Darcia Harris Bowman, Political Scientist Fellow 1998-99


There is something constant in 1998-99 political scientist Congressional Fellow Darcia Harris Bowman's description of the three-decades-old Canada-US Parliamentary Exchange, but even this bedrock program changes to match the current environment. The longstanding exchange between the APSA Congressional Fellows and the Canadian Parliamentary Interns continues to provide an intensive comparable study of Westminster versus U.S.-model parliamentary systems. The one-week study tours, organized by the Fellows and their Canadian counterparts respectively, allow participants to examine the relationship between the United States and Canada from an institutional perspective.

Each year since 1973, the Fellows have planned a comprehensive, weeklong introduction to the Congress for 10 Canadian Parliamentary Interns in Washington, DC. Much of the agenda reflects that key ingredients of this bilateral relationship - the longest international border between two countries, the largest import-export relationship in which Canada continues to provide the largest portion of US carbon-based energy and hydro-electric power, a vibrant mutual security relationship in NORAD that has been updated since 9/11, and an ever-growing cross-border transit of people and products. The 2012 exchange, however, reflects new dimensions such as the debate over the proposed XL Keystone pipeline from Alberta's tar sands to a U.S. Gulf Coast port with a briefing by the Independent Petroleum Association of America; the stark contrast of differing national campaign finance processes with a briefing by EMILY's LIST; the close Canadian provincial and U.S. state involvement with the Great Lakes Economic Initiative; the importance of the U.S. deficit with a briefing by the congressional staff of the Senate committees with jurisdiction over deficit reduction; the robust U.S. congressional support arms with briefings by the Congressional Budget Office (CBO), Government Accountability Office (GAO), and Congressional Research Service (CRS); the growth of U.S. institutional focus on Canada with a briefing at the Canada Institute at the Woodrow Wilson International Center for Scholars; and the growing press engagement in the politics of both countries with a bi-national panel of journalists at the National Press Club.

The sustained and adaptive natures of this exchange are probably its greatest strengths and it continues to serve the objective of in-depth comparative parliamentary analysis.
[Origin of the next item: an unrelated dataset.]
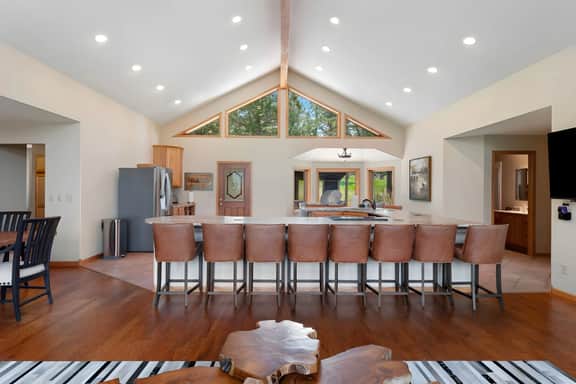 Largest Custer Lodge-Sleeps 22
Specifically, it promotes increased understanding between each country's major trading partners of the other's distinctive culture.

Under the aegis of the Canadian Political Science Association, and since its founding in 1969, the Canadian Parliamentary Intern Program has annually selected 10 of Canada's most promising university graduates to spend a 10-month internship in offices of Members of the House of Commons in Ottawa. While a large number of their interns go on to graduate and professional schools, a number have remained as career parliamentary public servants or gone on to currently being some of Canada's leading journalists and academics.